Stansted Airport: BAA and communities to work together on noise issues
PUBLISHED: 17:55 28 July 2010
ISSUES with noisy aircraft blasting over the top of villages came to a head last Friday when over 200 people packed into Hatfield Heath village hall to air their grievances.
In the hot seat was Stansted Airport’s head of environment Dr Andy Jefferson. He was met with some angry questions about flight paths and Asia-bound jumbo jets swooping over rooftops at night.
Pensioner Albert Neilson attacked the airport chief after it emerged that on average every three months engine noise drowns out village life for three entire days.
He said: “That is three days of our lives gone in three months, how many more days are we going to lose?
“It’s all about profits for BAA – we were promised no flights at night. They need to put the goalposts back to where they were and stick to that promise.”
Dr Jefferson said airport owners BAA are eager to work alongside residents and get a better deal for them regarding flights paths.
He told them to lobby the Civil Aviation Authority in the hope of getting alternative flight paths approved.
Dr Jefferson said: “We are aiming to trail new waypoints with one of the airlines – this will mean that aircraft will travel between Hatfield Heath and Hatfield Broad Oak rather then directly over them.

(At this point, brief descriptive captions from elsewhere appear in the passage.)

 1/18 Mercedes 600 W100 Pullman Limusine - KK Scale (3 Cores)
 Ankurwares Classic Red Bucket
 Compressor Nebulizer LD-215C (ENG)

“It will reduce noise for some residents, but in order to do that for all airlines the CAA has to formally adopt those points.”
As a result parish councillors, the Stop Stansted Expansion Group, and BAA will be teaming up with Uttlesford MP Sir Alan Haselhurst to form a lobbying taskforce.

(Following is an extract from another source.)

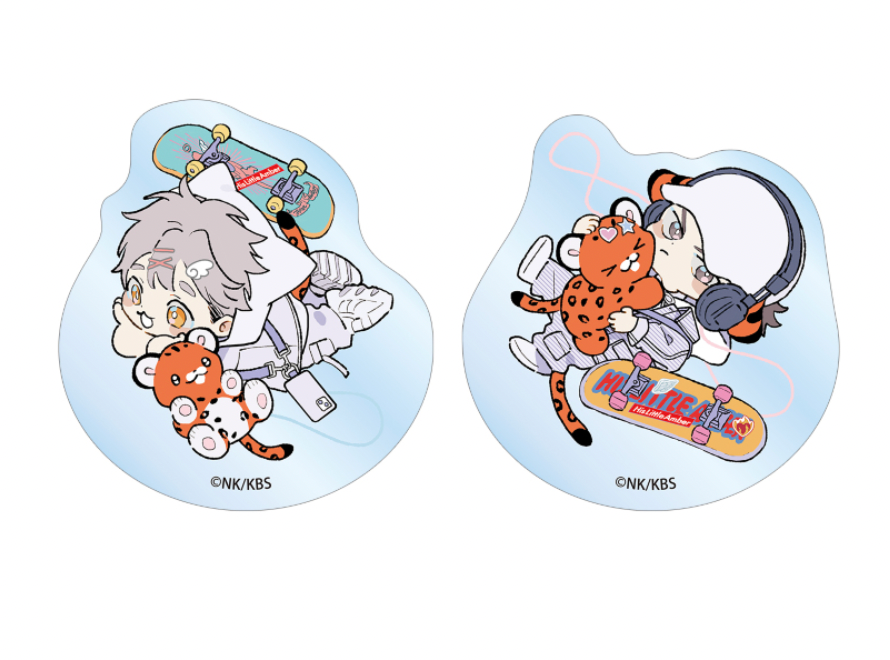 Thumbnail: His Little Amber Manga Merch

After the three month trial, which is due to start in August, data will be gathered and presented to the CAA.
BAA is also looking to increase its fines for aircraft companies that don’t obey height and direction rules. Currently Air Asia X and Ryanair are the biggest culprits – but are only fined £1000 or £500 for each contravention.
Dr Jefferson said: “We want an increase to make give the fines far more weight.”
SEE economics advisor Brain Ross welcomed BAA’s effort to engage with the community and said that there were “grounds for optimism.”
He added: “Noise fines should be increased ten-fold to make them a deterrent. If planes were actually at the 4000ft point they should be, people would be a lot happier. We also need to find a common position with BAA and aim to reduce night flying.”